Since Mary Jo White took over at the SEC in April 2013, observers have noticed a shift in the agency’s procedures: now it looks to assign blame before agreeing to settlements in more serious cases. Three months into her tenure, White told The New York Times that “defendants are going to have to own up to their conduct on the public record.” That summer, JPMorgan Chase was forced to admit it had violated securities laws in the much-publicized “London Whale” case, which was coordinated by US and British authorities.
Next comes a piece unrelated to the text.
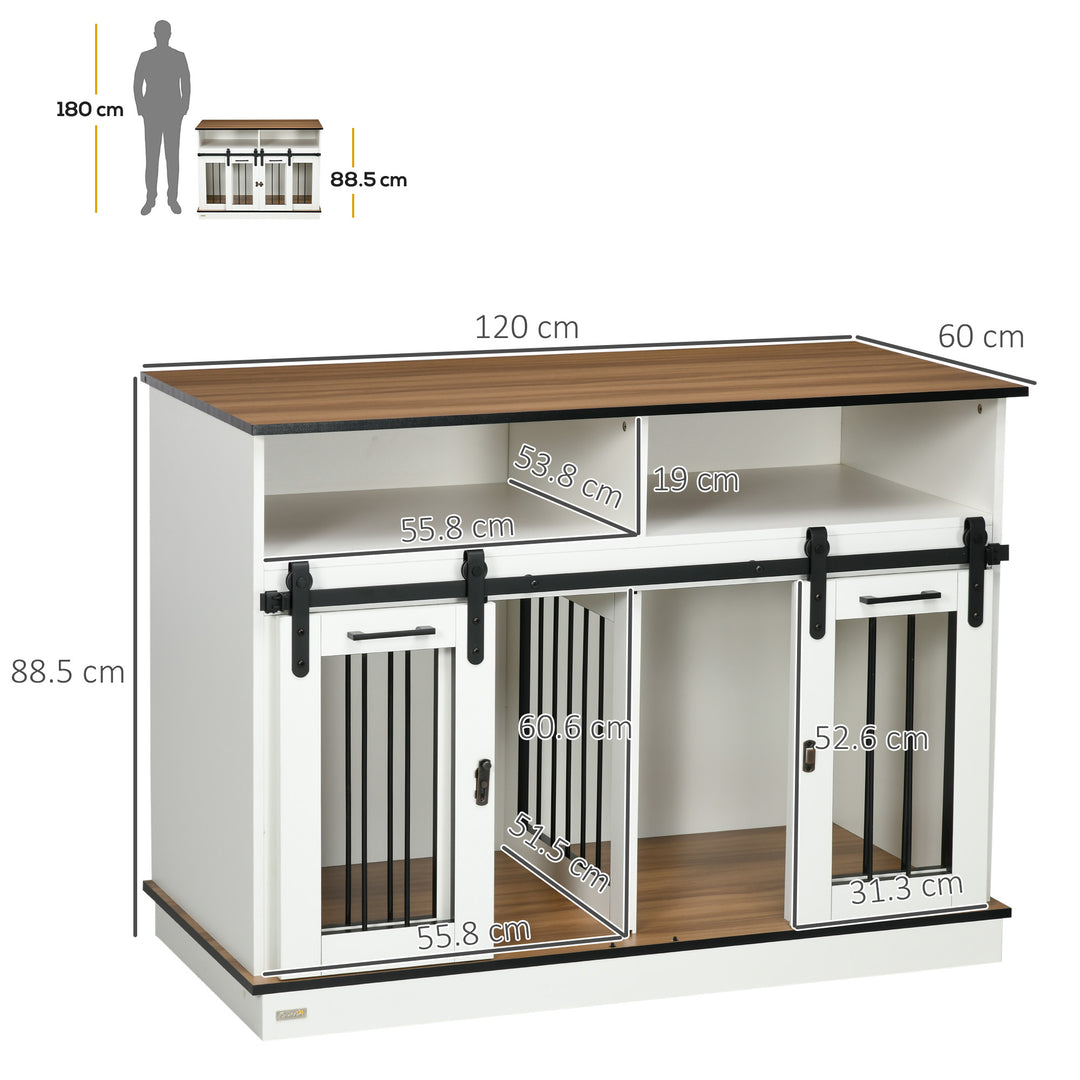 PawHut Dog Crate Furniture for Small & Large Dogs with Movable Divider, Dog Cage End Table with Shelves, Sliding Doors, 120 x 60 x 88.5 cm, White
Some large hedge funds, including Harbinger Capital Partners, have also had to acknowledge wrongdoing before signing settlement agreements with the SEC.
That shift, say legal experts, is at least partly a result of the pressure brought to bear by Rakoff’s rulings. “The SEC will not be able to return to its former system of equivocal enforcement without incurring the scorn of the press and the public,” says John Coffee, a law professor at Columbia University and a friend of the judge. For his part, Rakoff argues that “the public reaction to my decision suggests that I captured a widespread perception of regulatory agencies being more attentive to convenience than to providing the public with a sense of what is really going on.”
In his original Citigroup ruling, Rakoff averred that when the SEC and a bank came to a judge with a deal, they were in effect asking “the court to employ its power and assert its authority when it does not know the facts.” He has spent much of the past several years trying to get at those facts, attempting to shine a light on the decisions that led to the financial catastrophe. The appeals court ruling may have put the brakes on this process, but Rakoff will, in all likelihood, remain a high-profile critic of the backroom deals that have characterized so much of the post-2008 cleanup.
“I’m troubled by how the regulatory state is subject to so little judicial review,” Rakoff says. The agencies are “too cozy” with the people they’re supposed to regulate. But he’s optimistic that people will eventually come around to his point of view, recognizing that “in a society in which the regulatory agencies play such a huge role, there is a need for greater review and greater oversight than currently exists.”